Last week, lawmakers questioned Facebook CEO Mark Zuckerberg over the social network’ data privacy problems — and the 33-year-old repeatedly dodged the questions about what the company is sharing with third parties by opting to talk about what users are sharing.

Well, Zuckerberg’s answers weren’t convincing enough and for obvious reasons, people are concerned about their data. That makes perfect sense because according to the Simmons Consumer Research, Americans are online a lot: 73 percent of them use social media, 45 percent went online more than 25 times last week, while 43 percent of did some form of online banking last month.

There is no denying the fact that the U.S. is more divided than ever. Over the years, many factors have contributed to the polarization of the country — be it politics, culture or religion, the ground of disagreements is vast, but Simmons data suggest concerns about privacy are emerging to be a common ground.

Regardless of one’s political views, Americans in general have started to feel increasingly helpless when they post personal information online. Considering the fact several malicious parties have reportedly gathered consumer’s personal information from the social media platform, it is not surprising that people want more control over their private data.

At a time when people appear to have little faith in the federal government, only 18 percent of Americans said they trusted the authorities to make the best decisions about how to protect their privacy.

In addition, more than four in 10 people said once a piece of personal information is online there’s nothing they can do about it. Six in 10 said they wanted more control over the information companies might have on them.

Democrats and Republicans, the two main opposing political parties in the country, are separated by four points or less on questions about their personal control over online information. Plus, two-thirds of the members of both parties said they want more control over their personal data.
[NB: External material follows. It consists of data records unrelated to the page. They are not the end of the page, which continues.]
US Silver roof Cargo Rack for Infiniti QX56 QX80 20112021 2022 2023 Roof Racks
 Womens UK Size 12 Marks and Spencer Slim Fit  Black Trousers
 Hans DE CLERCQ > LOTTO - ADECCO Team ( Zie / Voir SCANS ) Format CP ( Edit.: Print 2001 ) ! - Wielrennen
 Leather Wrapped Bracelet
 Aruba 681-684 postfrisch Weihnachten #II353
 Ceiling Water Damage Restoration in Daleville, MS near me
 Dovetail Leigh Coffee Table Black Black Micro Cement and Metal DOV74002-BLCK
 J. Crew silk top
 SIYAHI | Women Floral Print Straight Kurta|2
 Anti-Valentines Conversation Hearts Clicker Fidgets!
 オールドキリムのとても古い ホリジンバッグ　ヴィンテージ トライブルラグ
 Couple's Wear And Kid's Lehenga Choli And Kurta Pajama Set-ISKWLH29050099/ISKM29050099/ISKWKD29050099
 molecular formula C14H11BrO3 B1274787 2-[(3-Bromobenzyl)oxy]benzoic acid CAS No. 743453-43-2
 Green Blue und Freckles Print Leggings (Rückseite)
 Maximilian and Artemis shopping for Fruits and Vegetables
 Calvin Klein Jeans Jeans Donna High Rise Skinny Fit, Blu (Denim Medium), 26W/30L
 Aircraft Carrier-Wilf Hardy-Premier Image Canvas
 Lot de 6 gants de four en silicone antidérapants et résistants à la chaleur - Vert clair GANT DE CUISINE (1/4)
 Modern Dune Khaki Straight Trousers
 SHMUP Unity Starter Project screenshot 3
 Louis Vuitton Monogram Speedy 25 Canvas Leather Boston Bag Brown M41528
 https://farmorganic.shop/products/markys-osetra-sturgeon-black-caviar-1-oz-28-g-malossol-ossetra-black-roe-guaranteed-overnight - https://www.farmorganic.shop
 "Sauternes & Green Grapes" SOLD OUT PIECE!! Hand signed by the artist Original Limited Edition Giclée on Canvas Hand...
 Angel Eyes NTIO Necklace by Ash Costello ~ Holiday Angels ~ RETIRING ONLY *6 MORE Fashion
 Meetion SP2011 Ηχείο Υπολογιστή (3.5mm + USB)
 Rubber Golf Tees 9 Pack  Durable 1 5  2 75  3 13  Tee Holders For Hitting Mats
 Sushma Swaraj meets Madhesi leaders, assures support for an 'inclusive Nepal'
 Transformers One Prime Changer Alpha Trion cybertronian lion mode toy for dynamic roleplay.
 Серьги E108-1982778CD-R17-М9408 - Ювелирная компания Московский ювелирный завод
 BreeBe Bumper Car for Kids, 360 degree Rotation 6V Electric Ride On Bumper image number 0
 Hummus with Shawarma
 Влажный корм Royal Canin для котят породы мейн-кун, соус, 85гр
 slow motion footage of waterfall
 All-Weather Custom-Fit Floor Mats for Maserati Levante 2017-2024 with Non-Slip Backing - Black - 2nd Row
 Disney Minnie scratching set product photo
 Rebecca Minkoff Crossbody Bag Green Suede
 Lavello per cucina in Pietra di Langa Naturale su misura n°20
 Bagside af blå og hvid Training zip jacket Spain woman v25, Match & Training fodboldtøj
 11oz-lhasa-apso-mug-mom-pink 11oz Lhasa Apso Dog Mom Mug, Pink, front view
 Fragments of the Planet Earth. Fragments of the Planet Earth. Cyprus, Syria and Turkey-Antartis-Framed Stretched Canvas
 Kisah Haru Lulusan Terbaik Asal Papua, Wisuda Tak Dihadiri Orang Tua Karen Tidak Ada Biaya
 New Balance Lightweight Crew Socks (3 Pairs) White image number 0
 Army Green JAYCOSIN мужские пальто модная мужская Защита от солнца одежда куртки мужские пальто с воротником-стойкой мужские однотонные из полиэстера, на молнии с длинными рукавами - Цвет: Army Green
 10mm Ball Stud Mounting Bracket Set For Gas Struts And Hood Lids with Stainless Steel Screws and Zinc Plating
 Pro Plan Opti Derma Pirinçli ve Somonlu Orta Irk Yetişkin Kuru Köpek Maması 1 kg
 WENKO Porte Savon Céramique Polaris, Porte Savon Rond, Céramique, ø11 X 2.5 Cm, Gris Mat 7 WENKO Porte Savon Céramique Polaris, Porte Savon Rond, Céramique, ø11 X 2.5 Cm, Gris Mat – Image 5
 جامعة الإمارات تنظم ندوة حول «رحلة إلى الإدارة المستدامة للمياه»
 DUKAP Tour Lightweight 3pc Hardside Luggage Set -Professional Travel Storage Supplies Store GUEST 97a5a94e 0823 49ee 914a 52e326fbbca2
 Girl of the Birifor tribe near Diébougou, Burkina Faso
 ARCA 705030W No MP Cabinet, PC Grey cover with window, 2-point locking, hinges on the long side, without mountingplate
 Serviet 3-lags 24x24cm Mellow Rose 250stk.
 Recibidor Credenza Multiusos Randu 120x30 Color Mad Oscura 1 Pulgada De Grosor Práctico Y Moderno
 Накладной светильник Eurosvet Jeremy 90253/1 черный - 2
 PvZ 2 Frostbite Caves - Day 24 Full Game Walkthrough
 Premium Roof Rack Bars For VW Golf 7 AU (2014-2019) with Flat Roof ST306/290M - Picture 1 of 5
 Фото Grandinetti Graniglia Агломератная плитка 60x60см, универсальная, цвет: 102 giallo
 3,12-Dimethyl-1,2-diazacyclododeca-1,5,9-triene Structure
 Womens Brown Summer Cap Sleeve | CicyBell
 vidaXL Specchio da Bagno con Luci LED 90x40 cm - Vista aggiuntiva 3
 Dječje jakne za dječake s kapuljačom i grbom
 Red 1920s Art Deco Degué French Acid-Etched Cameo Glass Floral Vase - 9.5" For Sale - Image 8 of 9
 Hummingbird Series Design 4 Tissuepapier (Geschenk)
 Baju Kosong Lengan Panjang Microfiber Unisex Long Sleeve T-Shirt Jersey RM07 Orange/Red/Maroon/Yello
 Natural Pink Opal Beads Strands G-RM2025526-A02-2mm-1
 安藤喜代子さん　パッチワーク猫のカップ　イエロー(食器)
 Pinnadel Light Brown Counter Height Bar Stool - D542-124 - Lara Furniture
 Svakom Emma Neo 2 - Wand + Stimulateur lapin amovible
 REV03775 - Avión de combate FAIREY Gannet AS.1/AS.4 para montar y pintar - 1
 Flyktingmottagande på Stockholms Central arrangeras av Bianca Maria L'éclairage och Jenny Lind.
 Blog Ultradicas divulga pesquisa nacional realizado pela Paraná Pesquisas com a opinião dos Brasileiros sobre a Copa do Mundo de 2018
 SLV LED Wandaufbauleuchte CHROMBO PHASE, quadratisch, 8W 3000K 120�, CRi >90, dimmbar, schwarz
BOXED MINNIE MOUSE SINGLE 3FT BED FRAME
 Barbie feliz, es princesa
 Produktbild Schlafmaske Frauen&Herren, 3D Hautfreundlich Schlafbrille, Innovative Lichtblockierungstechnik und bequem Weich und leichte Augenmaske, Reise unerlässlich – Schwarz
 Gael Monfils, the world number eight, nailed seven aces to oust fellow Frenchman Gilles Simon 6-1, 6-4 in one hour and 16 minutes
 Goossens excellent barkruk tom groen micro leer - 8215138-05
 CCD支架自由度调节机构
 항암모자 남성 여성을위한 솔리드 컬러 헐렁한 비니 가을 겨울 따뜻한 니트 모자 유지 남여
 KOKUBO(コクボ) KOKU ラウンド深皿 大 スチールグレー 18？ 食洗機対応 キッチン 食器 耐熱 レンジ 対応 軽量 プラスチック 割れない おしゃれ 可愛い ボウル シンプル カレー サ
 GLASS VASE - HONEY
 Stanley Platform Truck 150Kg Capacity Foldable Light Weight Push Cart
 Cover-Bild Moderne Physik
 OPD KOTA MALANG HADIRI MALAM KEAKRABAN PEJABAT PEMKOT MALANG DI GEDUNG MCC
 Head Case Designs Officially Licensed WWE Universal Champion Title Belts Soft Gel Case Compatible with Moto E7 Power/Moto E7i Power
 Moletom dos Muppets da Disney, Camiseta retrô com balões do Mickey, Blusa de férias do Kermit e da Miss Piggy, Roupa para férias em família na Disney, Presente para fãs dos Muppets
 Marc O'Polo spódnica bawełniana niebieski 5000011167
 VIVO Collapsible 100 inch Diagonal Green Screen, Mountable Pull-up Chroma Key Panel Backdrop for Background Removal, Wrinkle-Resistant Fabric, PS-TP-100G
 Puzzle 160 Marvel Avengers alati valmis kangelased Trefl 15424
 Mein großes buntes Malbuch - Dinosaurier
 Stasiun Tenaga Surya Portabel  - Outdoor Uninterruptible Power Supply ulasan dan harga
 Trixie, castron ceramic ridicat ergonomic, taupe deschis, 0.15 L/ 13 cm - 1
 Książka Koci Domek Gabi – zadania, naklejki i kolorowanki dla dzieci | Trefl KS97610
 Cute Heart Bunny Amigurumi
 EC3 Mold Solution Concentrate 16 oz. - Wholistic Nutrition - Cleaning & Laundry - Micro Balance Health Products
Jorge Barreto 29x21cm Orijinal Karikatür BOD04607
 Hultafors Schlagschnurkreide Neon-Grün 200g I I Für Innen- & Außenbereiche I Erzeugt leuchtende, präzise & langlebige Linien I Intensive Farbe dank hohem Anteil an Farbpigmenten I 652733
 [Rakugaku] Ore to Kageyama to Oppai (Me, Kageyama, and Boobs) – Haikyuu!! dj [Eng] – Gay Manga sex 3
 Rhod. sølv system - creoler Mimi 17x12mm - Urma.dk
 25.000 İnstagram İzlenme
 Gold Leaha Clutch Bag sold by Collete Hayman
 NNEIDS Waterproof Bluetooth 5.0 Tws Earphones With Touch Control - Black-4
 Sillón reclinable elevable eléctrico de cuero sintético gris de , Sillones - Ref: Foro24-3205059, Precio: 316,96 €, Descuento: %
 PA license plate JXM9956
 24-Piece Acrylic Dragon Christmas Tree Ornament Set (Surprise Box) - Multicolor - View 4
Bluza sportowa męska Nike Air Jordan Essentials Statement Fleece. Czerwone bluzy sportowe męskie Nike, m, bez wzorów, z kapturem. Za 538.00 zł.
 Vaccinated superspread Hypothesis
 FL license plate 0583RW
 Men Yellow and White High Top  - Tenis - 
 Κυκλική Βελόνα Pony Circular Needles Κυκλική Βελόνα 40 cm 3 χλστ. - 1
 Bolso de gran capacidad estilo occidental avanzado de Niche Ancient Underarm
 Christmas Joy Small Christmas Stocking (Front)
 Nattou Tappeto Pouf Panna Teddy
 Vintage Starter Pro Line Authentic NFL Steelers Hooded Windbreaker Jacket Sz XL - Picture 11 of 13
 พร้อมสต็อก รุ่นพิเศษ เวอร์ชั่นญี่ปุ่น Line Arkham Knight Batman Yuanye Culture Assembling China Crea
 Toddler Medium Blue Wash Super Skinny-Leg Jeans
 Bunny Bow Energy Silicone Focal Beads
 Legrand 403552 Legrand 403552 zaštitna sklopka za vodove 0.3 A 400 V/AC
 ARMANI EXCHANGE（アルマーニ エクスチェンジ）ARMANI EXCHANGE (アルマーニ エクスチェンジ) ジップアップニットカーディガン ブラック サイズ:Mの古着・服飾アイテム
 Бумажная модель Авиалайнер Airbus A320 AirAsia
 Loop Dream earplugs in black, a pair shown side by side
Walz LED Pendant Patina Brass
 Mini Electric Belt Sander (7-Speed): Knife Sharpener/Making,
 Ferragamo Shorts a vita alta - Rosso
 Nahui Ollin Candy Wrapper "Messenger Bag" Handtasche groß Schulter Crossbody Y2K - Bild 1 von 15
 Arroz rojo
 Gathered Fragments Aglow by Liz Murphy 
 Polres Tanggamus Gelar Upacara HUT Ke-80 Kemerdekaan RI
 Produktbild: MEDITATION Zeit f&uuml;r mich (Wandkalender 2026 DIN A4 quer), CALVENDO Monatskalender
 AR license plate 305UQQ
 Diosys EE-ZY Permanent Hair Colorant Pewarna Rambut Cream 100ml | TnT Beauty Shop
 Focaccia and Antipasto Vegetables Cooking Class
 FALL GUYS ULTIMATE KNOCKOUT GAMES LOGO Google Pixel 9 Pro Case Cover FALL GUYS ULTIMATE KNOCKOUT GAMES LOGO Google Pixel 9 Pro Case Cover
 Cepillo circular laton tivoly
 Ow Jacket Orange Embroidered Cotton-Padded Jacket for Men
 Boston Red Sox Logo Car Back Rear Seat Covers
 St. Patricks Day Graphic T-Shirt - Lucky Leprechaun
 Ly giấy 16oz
Furthermore, when it comes to trusting the government to make the best decisions about how to protect their privacy — 21 percent of Democrats versus 14 percent for Republicans placed their trust on the government.

These figures are indicative of something that hasn’t happened in a very long time: the nation’s two major political parties showing that kind of agreement on anything. That is one reason why the authorities won’t be able to sweep the issue under the carpet.

Only 22 percent of Americans said privacy concerns have caused them to reduce their internet usage.This survey goes to show people aren’t going to cut down on internet usage and this is one debate the majority care about and agrees upon.

However, it is yet to be seen whether Congress will take notice of this general consensus.